* **Your goal**:
Below are records that contain pictures; transcribe the text exactly and omit the pictures.

##########

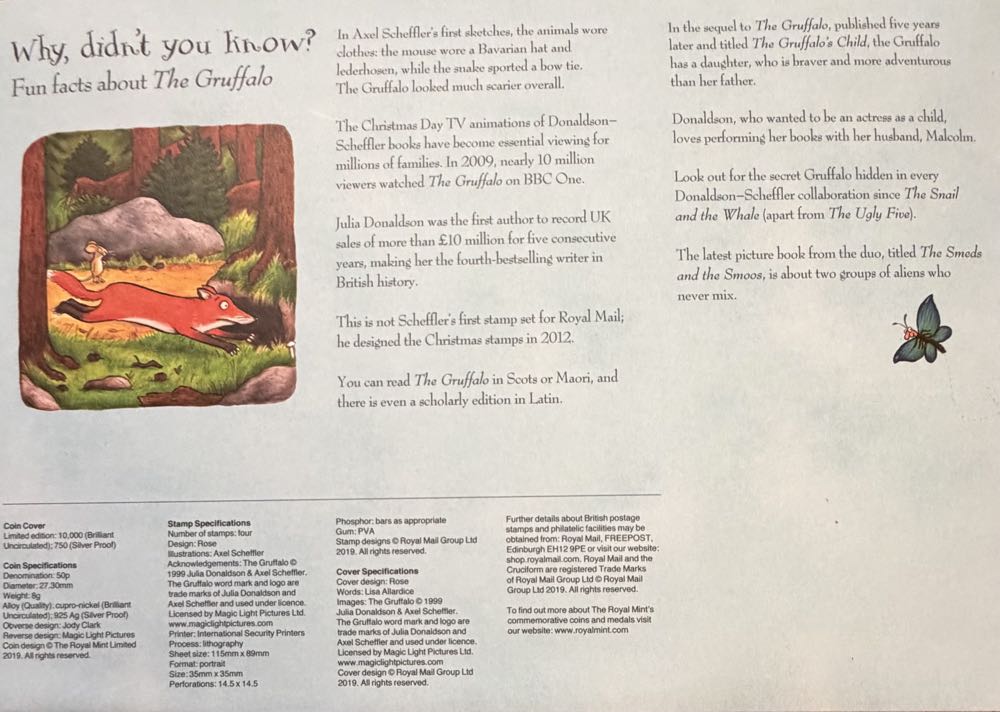 2019 The Gruffalo Coin Cover 50p  coin collectible - Main Image 4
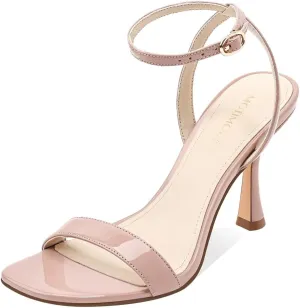 Women's Sandals Open Square Toe Sandals Ankle Strap High Kitten Heels Stilettos Square Open Toe Dressy Sexy Shoes for Women Chic Heeled Sandals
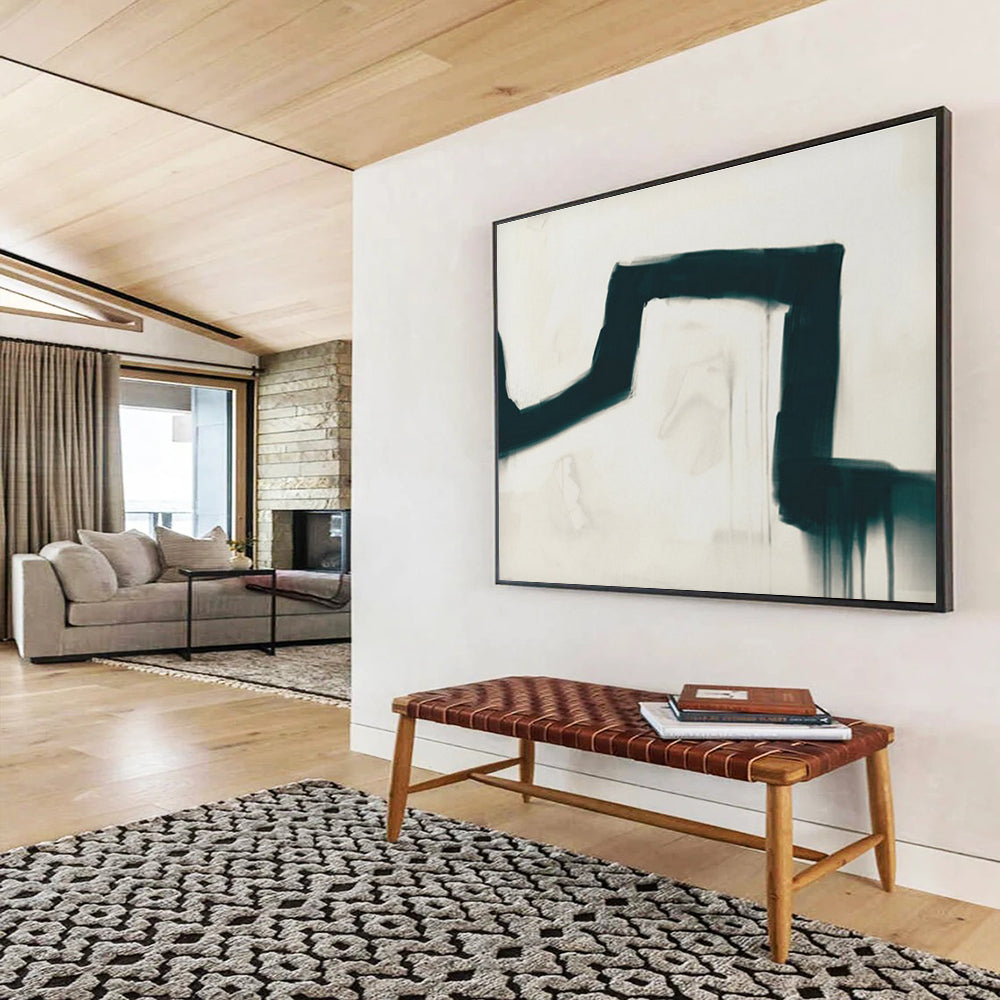 Black and White Drip Abstract Painting with Bold Strokes THY115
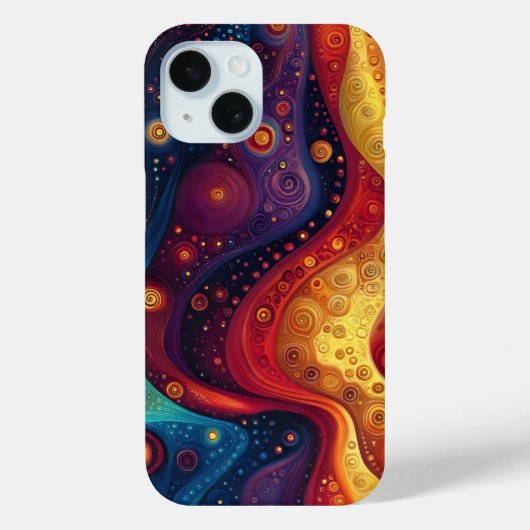 Kleurrijke Psychedelische Abstracte Kunst Case-Mate iPhone Case (Achterkant)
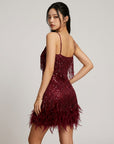 Red glitter sequin mini dress with thin straps and feather fringe hem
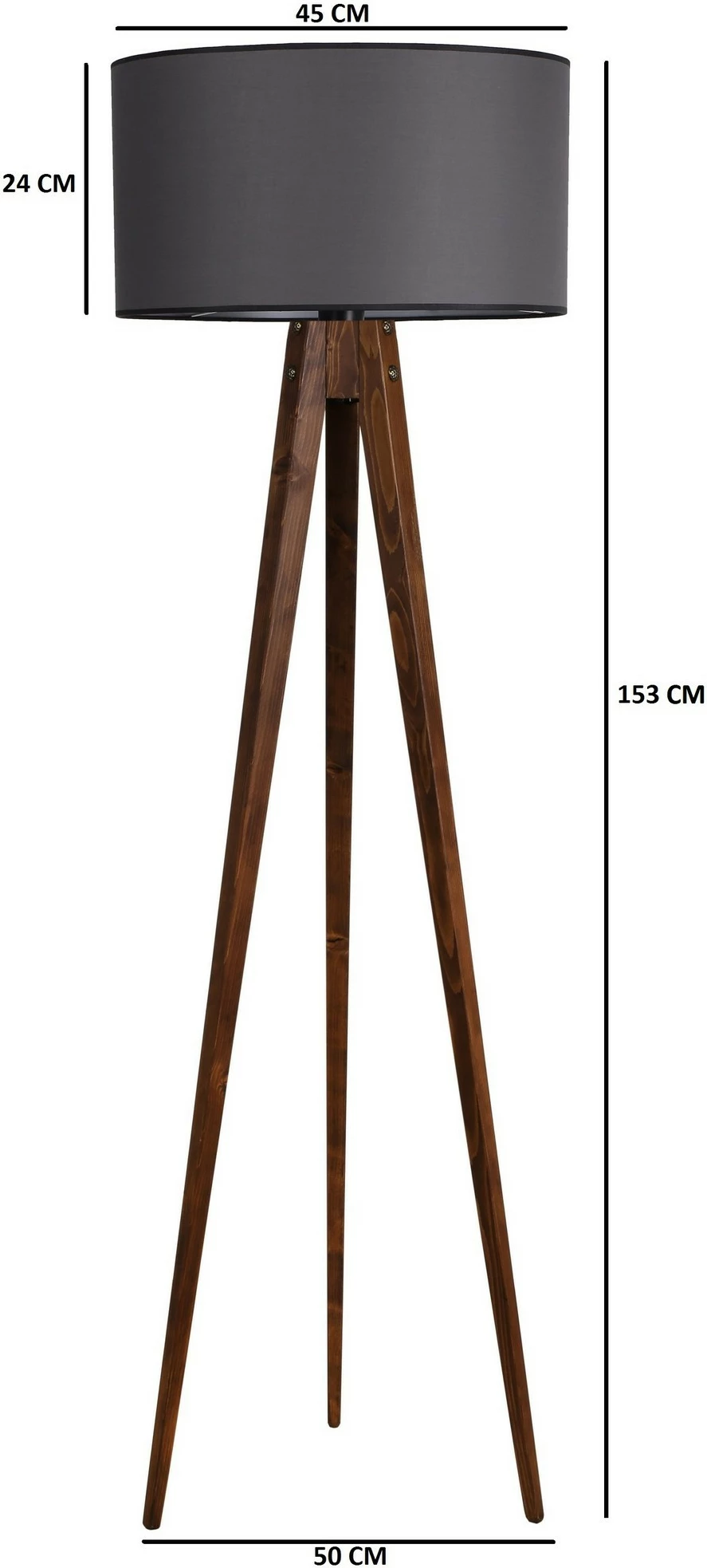 Llambë dyshemeje Opviq tripod, trup druri, abazhuri cilindrik, ngjyrë arre dhe gri e errët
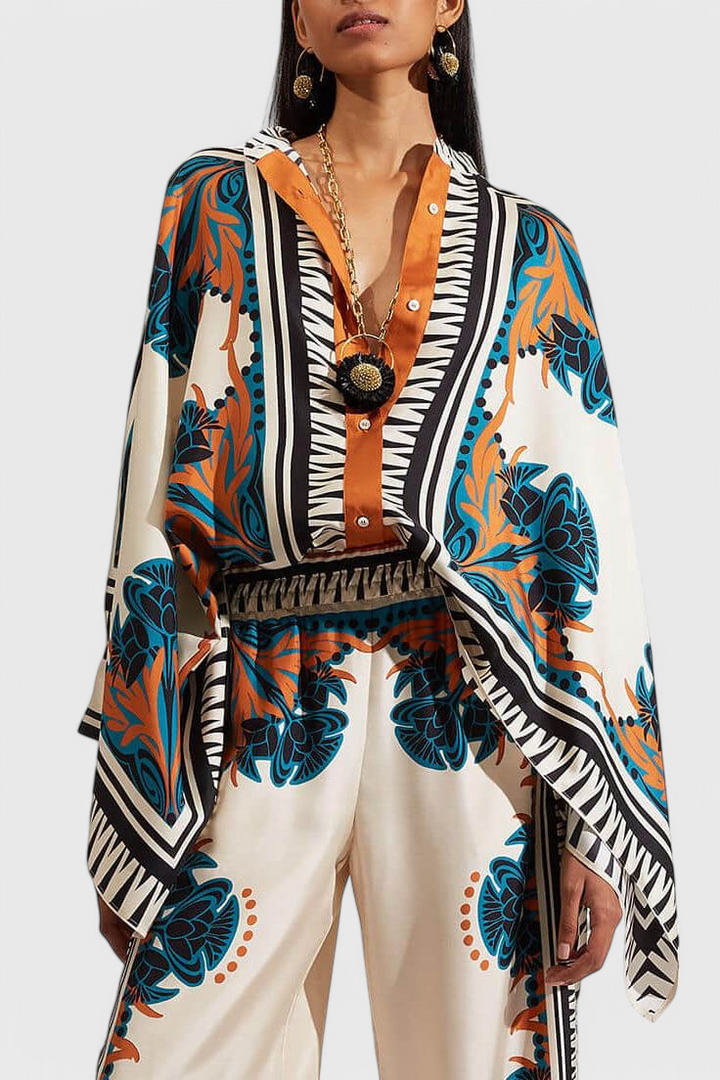 Beatriz Ensemble Floral en Satin au Crépuscule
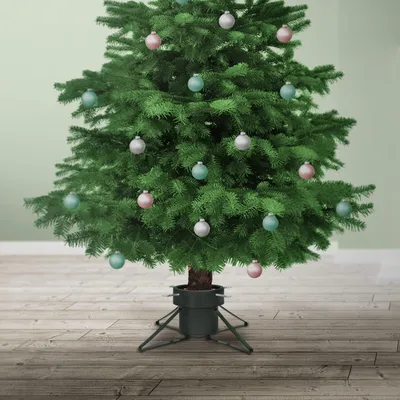 Produktbild von Verstellbarer Weihnachtsbaumständer aus grünem Metall mit Wasserbehälter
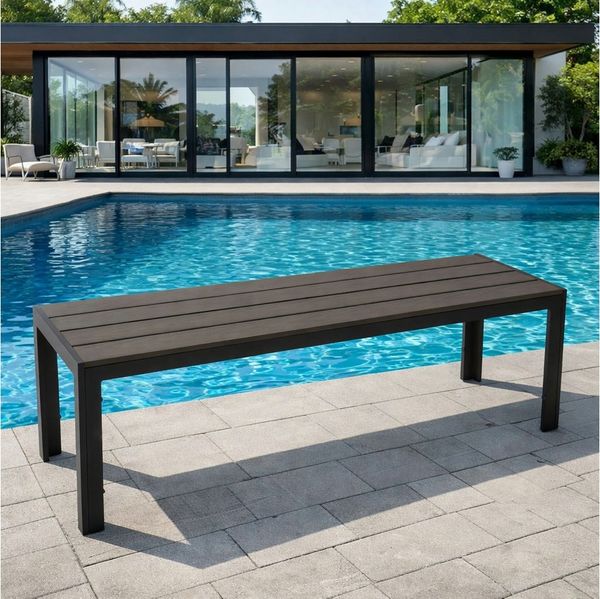 DEGAMO Gartenbank Hockerbank Sorano 2-sitzer 120cm, Gestell Aluminium anthrazit, Sitzfläche Kunstholz dunkelgrau, Outdoor
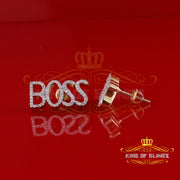 King of Blings-925 Silver in BOSS Women's Stud Earrings with 0.33 Ct Yellow Natural Diamonds KING OF BLINGS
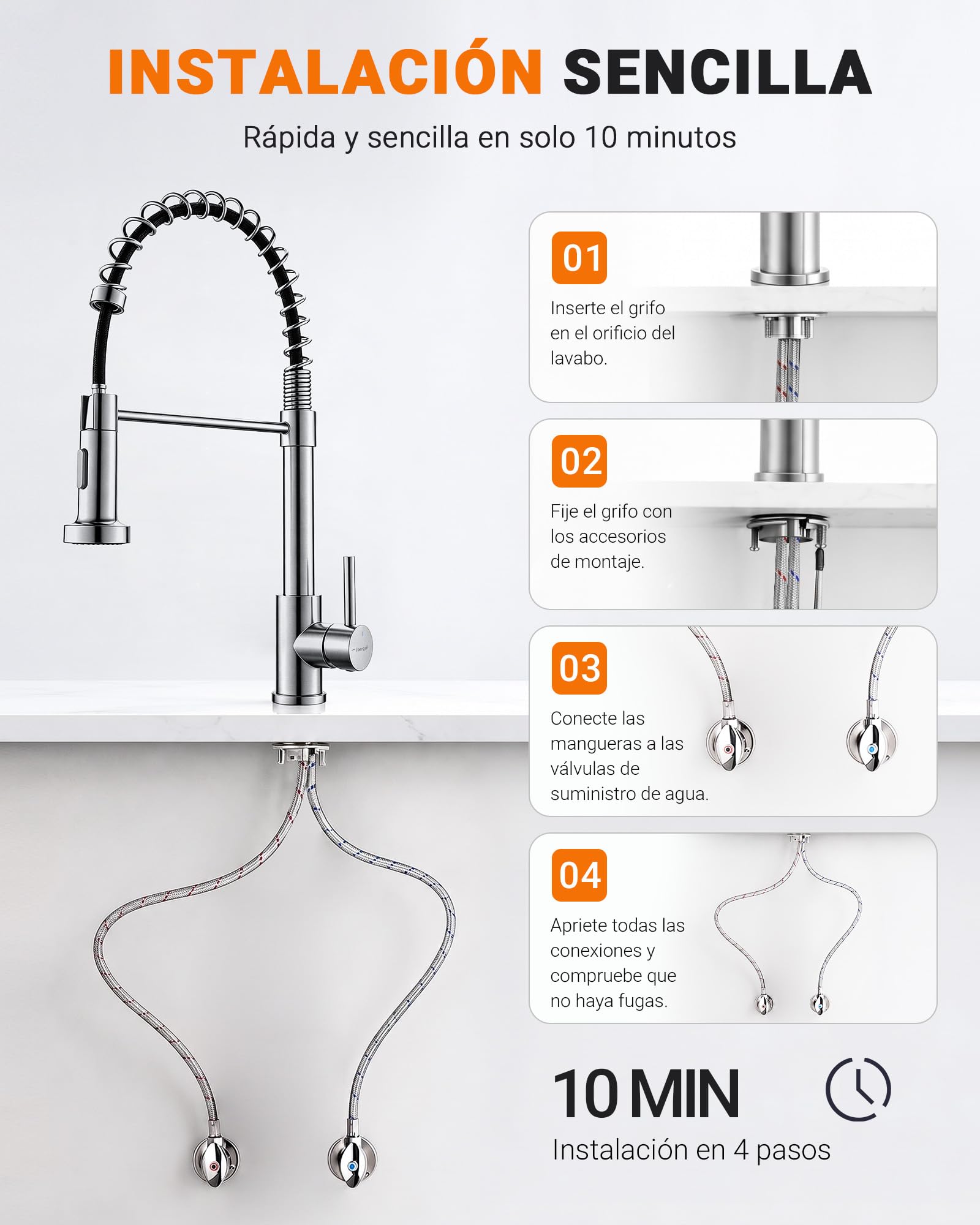 Ibergrif Grifo Cocina Extraíble Acero Inoxidable 304 Cepillado Monomando | Grifo Cocina Fregadero con Caño Extraíble, Giro 360°, 2 Modos de Agua, Manguera 40 cm, Instalación Rápida, Acabado Cepillado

##########

* **The completed task**:
 2019 The Gruffalo Coin Cover 50p  coin collectible - Main Image 4
 Women's Sandals Open Square Toe Sandals Ankle Strap High Kitten Heels Stilettos Square Open Toe Dressy Sexy Shoes for Women Chic Heeled Sandals
 Black and White Drip Abstract Painting with Bold Strokes THY115
 Kleurrijke Psychedelische Abstracte Kunst Case-Mate iPhone Case (Achterkant)
 Red glitter sequin mini dress with thin straps and feather fringe hem
 Llambë dyshemeje Opviq tripod, trup druri, abazhuri cilindrik, ngjyrë arre dhe gri e errët
 Beatriz Ensemble Floral en Satin au Crépuscule
 Produktbild von Verstellbarer Weihnachtsbaumständer aus grünem Metall mit Wasserbehälter
 DEGAMO Gartenbank Hockerbank Sorano 2-sitzer 120cm, Gestell Aluminium anthrazit, Sitzfläche Kunstholz dunkelgrau, Outdoor
 King of Blings-925 Silver in BOSS Women's Stud Earrings with 0.33 Ct Yellow Natural Diamonds KING OF BLINGS
 Ibergrif Grifo Cocina Extraíble Acero Inoxidable 304 Cepillado Monomando | Grifo Cocina Fregadero con Caño Extraíble, Giro 360°, 2 Modos de Agua, Manguera 40 cm, Instalación Rápida, Acabado Cepillado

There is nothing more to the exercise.